Studying Yesterday’s Blackouts to Head Off Tomorrow’s

Studying Yesterday’s Blackouts to Head Off Tomorrow’s

This article is part of our exclusive IEEE Journal Watch series in partnership with IEEE Xplore.

The power grid today is in flux as its analog devices go digital. Electrical plants with rotating generators are giving way to solar and wind farms fronted by power inverters, which convert the renewables’ DC-out into the grid’s AC-in. And, on the consumption side, inverter-coupled devices including electric vehicles and variable-speed heat pumps represent a rising share of demand. A team at Germany’s Karlsruhe Institute of Technology (KIT) has produced the most comprehensive assessment to date examining whether this growing digitization of the grid is eroding reliability—and how to anticipate and avoid future problems.

“In the scientific literature, you often read that renewables will cause some sort of problems, and so we need to work on their integration. I wanted to know whether it was real,” says Jan Wachter, a doctoral student and research associate at KIT’s Institute for Automation and Applied Informatics.

There’s no evidence that inverters are plunging civilization into a dystopian dark age. Most blackouts are still caused by extreme weather.

It’s an important question, not least given some politicians’ proclivity to use fear of blackouts to try to hold back the transition away from fossil fuels.

Since there’s no official global tracking of major grid faults, Wachter started by scraping various databases to assemble his own list, documenting 33 incidents from 2003 to 2023. Next he and his coauthors examined what role, if any, inverters played. Their report, published late last year in the IEEE Open Journal of Power Electronics, found no evidence that the inverter invasion is plunging civilization into a dystopian dark age. Most blackouts, says Wachter, are still caused by extreme weather.
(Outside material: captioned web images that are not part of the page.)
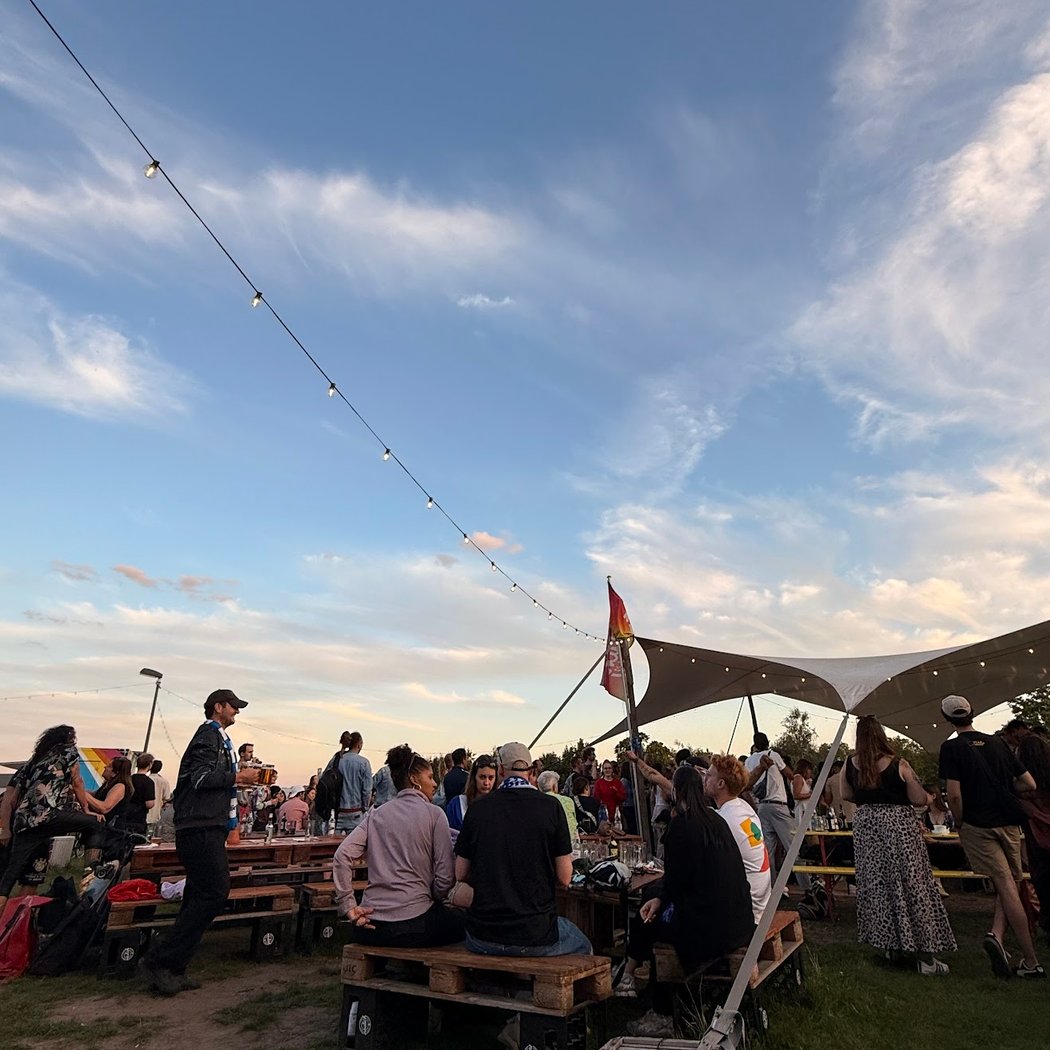 Neulich Biergarten am THF-Tower 3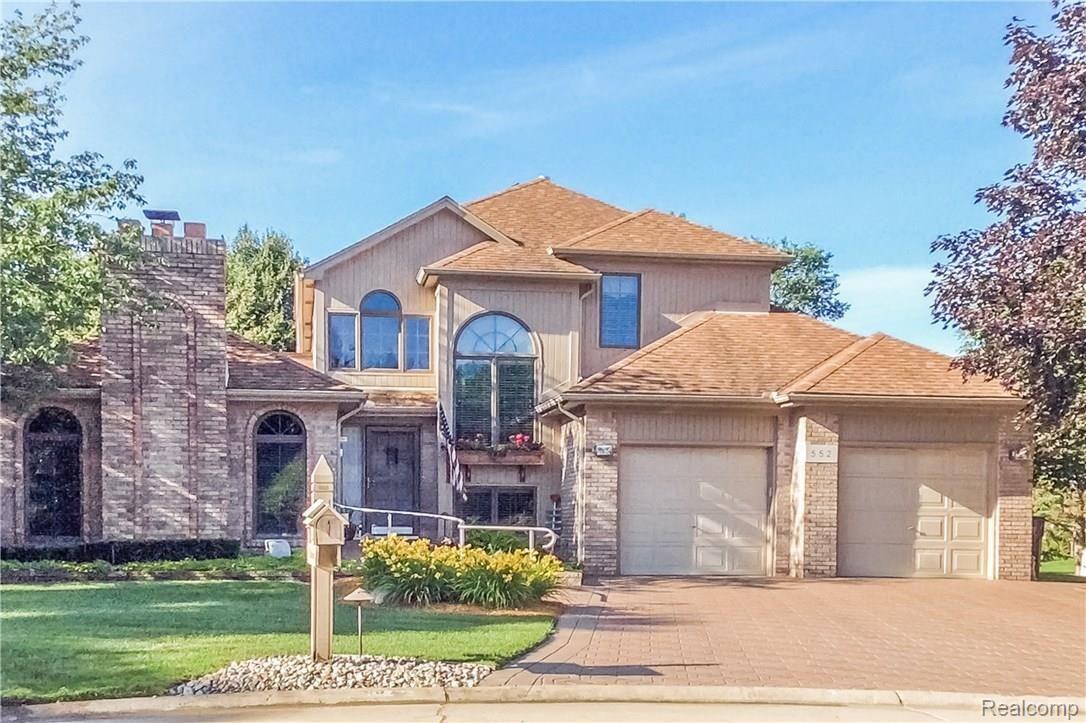 552 Buttercup Court Rochester, MI 48307 - Photo 1 of 73 001-Front_View-2639168-large.jpg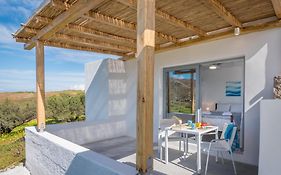 Sarantis Suites & Apartments
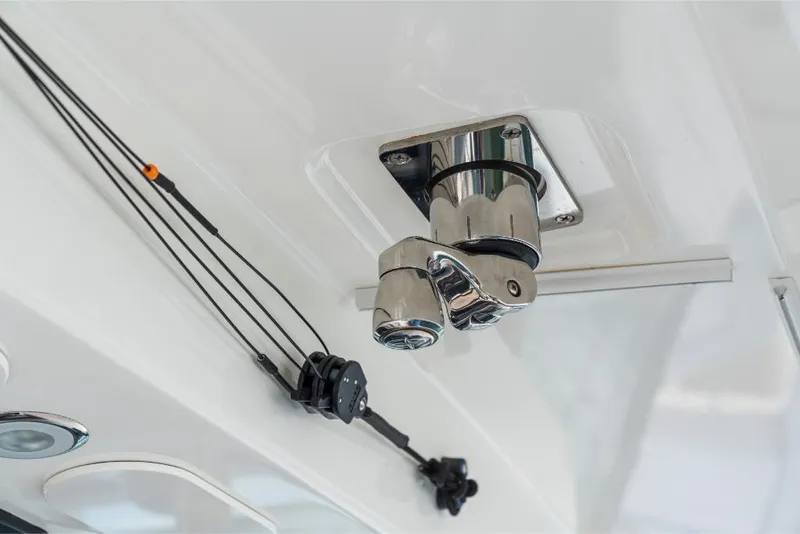 Slide: The Image of Boston Whaler 360 Outrage 2026 - 107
More scientifically interesting are the thought experiments that the KIT team ran next on the 33 incidents. For each, they considered how a future grid with higher inverter penetration might respond during a similar incident. They also examined whether inverter-based resources might counteract blackout mechanisms such as cascading failures that have plagued grids for decades.

Researchers studied a range of power-grid incidents and then categorized their impacts [abbreviations]. Incidents involving inverters [orange] primarily caused oscillations and other power-quality issues [PQ]. The remaining incidents [blue] were more likely to impact transmission equipment [TN] and power generators [PG]. KIT/IEEE

“If we’re rebuilding our grids, it provides an opportunity to make things better. We’re spending a lot of money. We should take the chance to do this,” says Wachter.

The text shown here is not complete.